About this exercise
Please reproduce the entries below exactly, leaving the pictures out.

Caption-style text data:
Segment Open
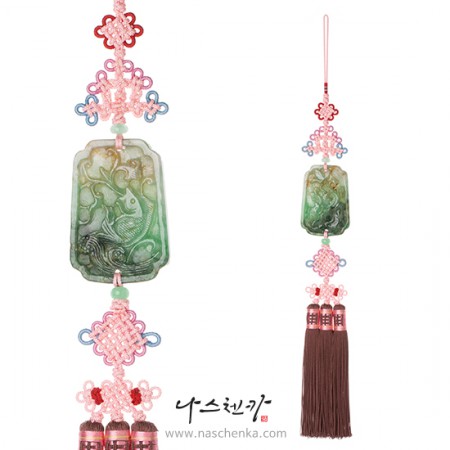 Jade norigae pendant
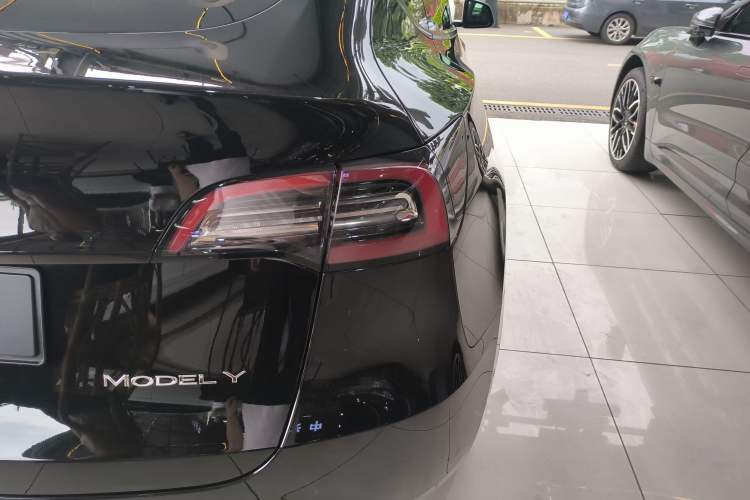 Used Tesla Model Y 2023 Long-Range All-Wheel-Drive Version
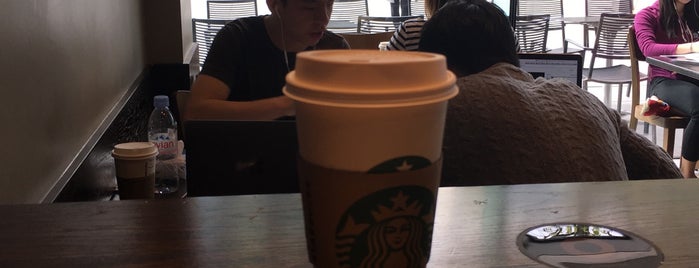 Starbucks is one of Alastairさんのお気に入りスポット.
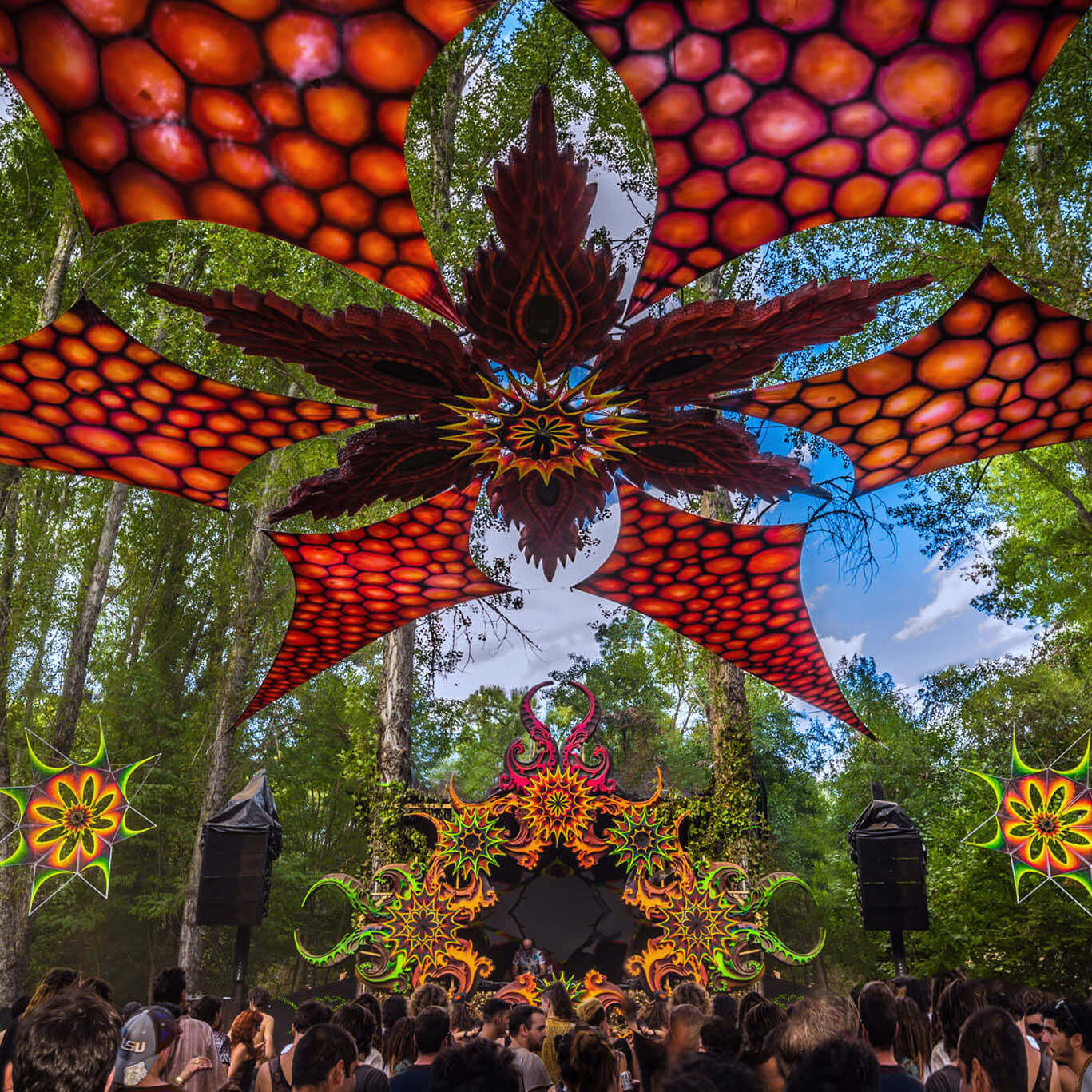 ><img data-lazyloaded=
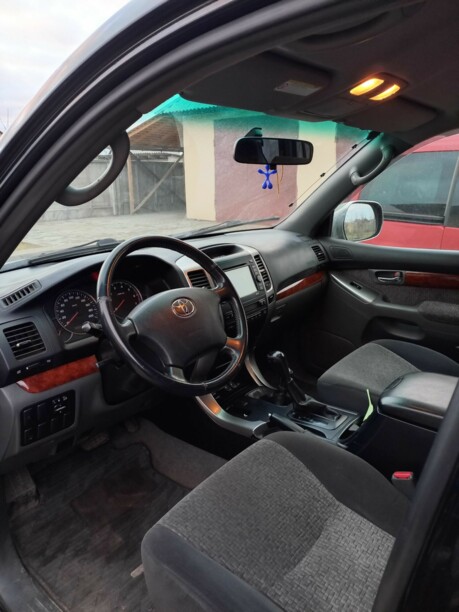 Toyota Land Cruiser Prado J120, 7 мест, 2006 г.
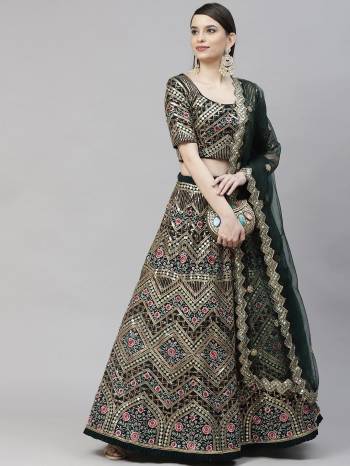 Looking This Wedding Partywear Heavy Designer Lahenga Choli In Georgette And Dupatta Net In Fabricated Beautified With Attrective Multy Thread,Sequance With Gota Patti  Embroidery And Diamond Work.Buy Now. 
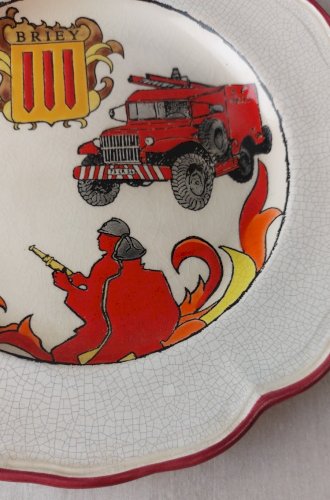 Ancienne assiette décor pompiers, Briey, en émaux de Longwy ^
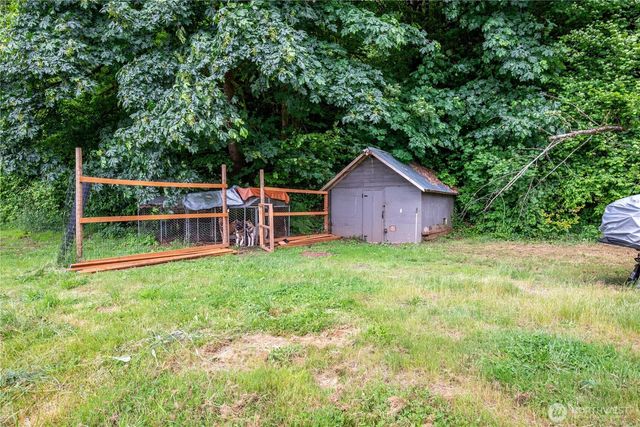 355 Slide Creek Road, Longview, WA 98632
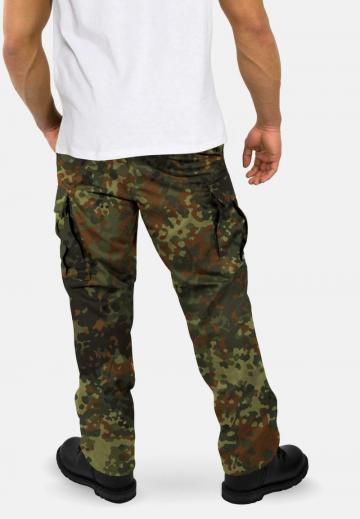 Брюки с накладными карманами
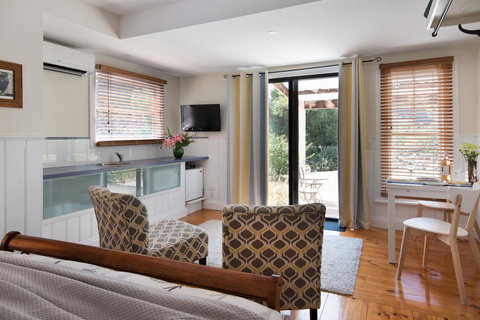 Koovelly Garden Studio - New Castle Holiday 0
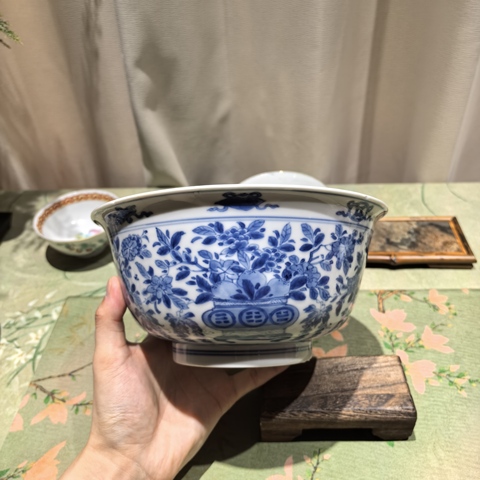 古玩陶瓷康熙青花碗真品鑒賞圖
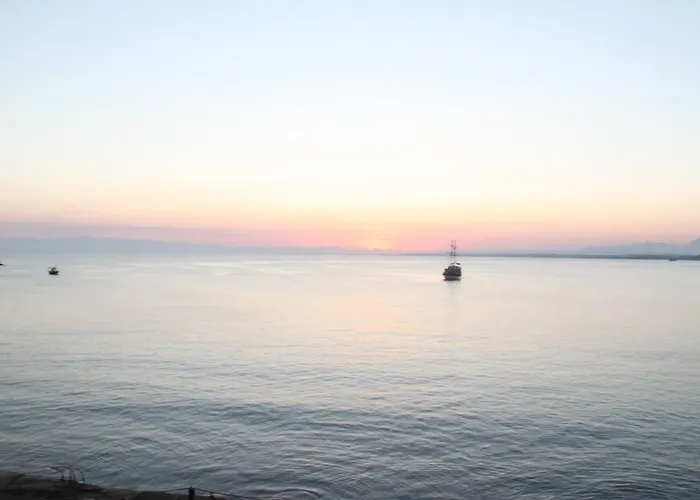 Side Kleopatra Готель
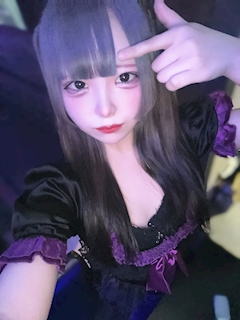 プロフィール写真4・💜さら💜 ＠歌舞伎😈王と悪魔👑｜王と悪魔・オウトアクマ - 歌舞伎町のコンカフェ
Segment Closed
Answer to the problem
 Jade norigae pendant
 Used Tesla Model Y 2023 Long-Range All-Wheel-Drive Version
 Starbucks is one of Alastairさんのお気に入りスポット.
 ><img data-lazyloaded=
 Toyota Land Cruiser Prado J120, 7 мест, 2006 г.
 Looking This Wedding Partywear Heavy Designer Lahenga Choli In Georgette And Dupatta Net In Fabricated Beautified With Attrective Multy Thread,Sequance With Gota Patti  Embroidery And Diamond Work.Buy Now. 
 Ancienne assiette décor pompiers, Briey, en émaux de Longwy ^
 355 Slide Creek Road, Longview, WA 98632
 Брюки с накладными карманами
 Koovelly Garden Studio - New Castle Holiday 0
 古玩陶瓷康熙青花碗真品鑒賞圖
 Side Kleopatra Готель
 プロフィール写真4・💜さら💜 ＠歌舞伎😈王と悪魔👑｜王と悪魔・オウトアクマ - 歌舞伎町のコンカフェ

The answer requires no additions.